Felix Zulauf's Five Gold Mining Picks (NEM, GFI, HMY, GLG, LIHRY)

Includes: GFI, GG, HMY, LIHRY, NEM
by: SA Editors

In the annual Barron's Roundtable (sub. req.) of top investment pros, Felix Zulauf, head of Switzerland's Zulauf Asset Management, argues that gold is still a compelling investment at this stage and proposes five gold stock picks. Excerpts:

Gold-mining shares are going to be a gold mine in coming years. Intensive globalization leads to low headline inflation. The governments of the old industrialized nations run large fiscal deficits, and the central banks accommodate them with cheap-money policies. On top of that, nobody wants a strong currency, so there is competitive devaluation, which strengthens the inflationary process. The bottom line is cheap money as far as one can see, and low real interest rates...

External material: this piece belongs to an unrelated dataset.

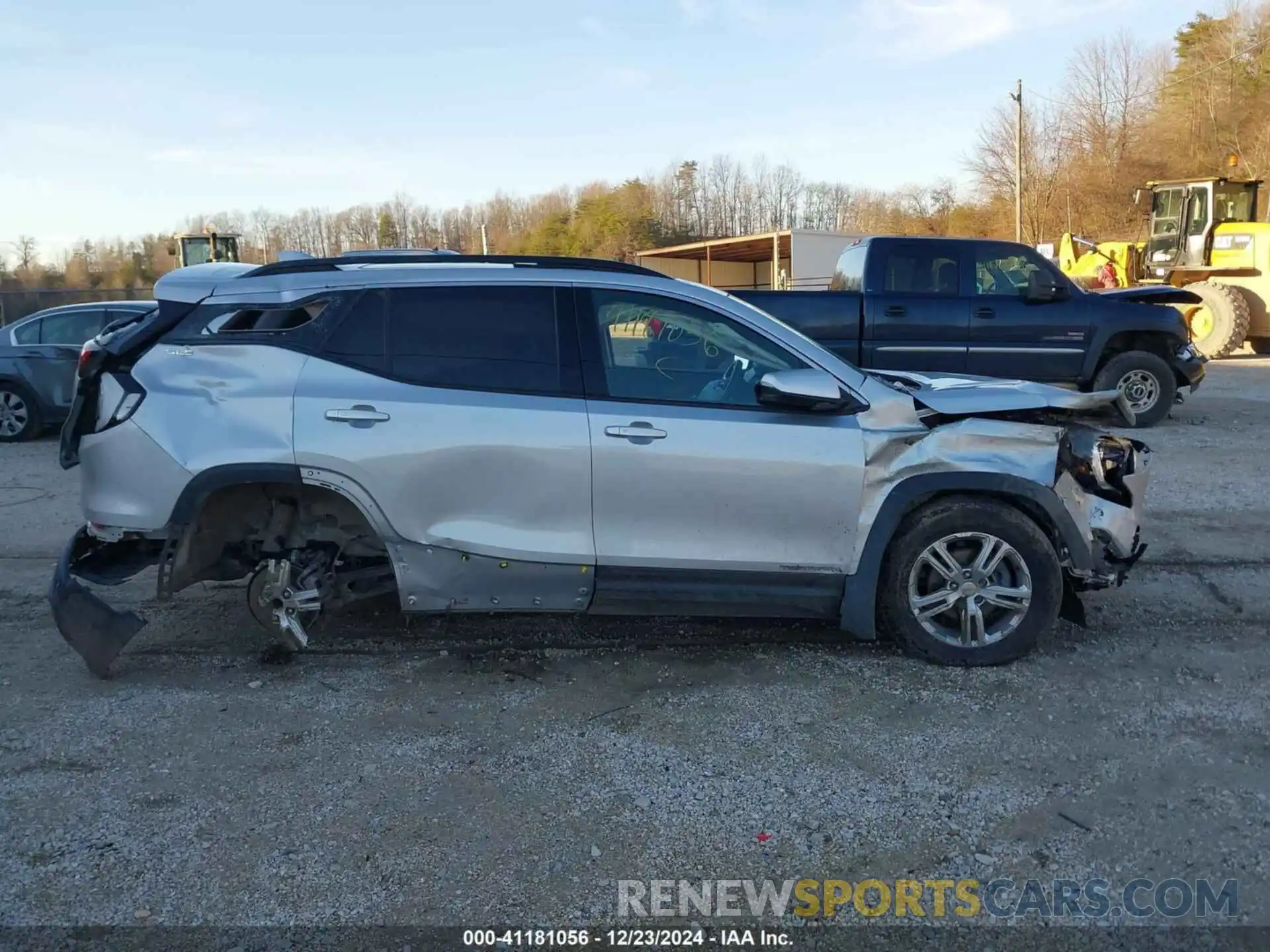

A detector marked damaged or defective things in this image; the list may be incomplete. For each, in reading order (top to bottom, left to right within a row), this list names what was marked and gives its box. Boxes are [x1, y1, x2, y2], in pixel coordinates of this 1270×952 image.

crumpled hood [868, 373, 1138, 424]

Barron's: What about environmental risk?

Zulauf: There is always a risk with mines. And there is a risk if you don't buy gold. Gold has been rising in linear fashion from the low of 2001, but gold stocks have gone sideways from late '03 to late '05. The mining shares now are where oil and oil shares were two years ago. They are just breaking out.

Barron's: The cost of mining gold is rising. Doesn't that hurt company margins?

Zulauf: You do not buy gold-mining shares on current earnings. You buy them for the stuff in the ground and what it will be worth in the future. Cost inflation in mining is running about 20%. That has been a problem in the last two years, particularly in South Africa, where the currency has gone up a lot. It led to the closing of some mines, which actually helped the price of gold rise...

Barron's: Felix, which gold stocks do you like?

Zulauf: You buy a basket. It should include Newmont Mining (NYSE:NEM), the only gold stock in the S&P 500. I would add Gold Fields (NYSE:GFI) of South Africa, a lower-cost producer. If you want to be a little more aggressive, you can include Harmony Gold Mining (NYSE:HMY), a higher-cost producer. Then, go for two mid-cap stocks. One is Glamis Gold (GLG) in Canada. The other is Lihir (LIHRY) in Australia...

Interestingly, gold is cheap relative to other commodities. Over the last 25 years, the mean ratio of gold prices to oil prices has been about 18. It's now at nine or so.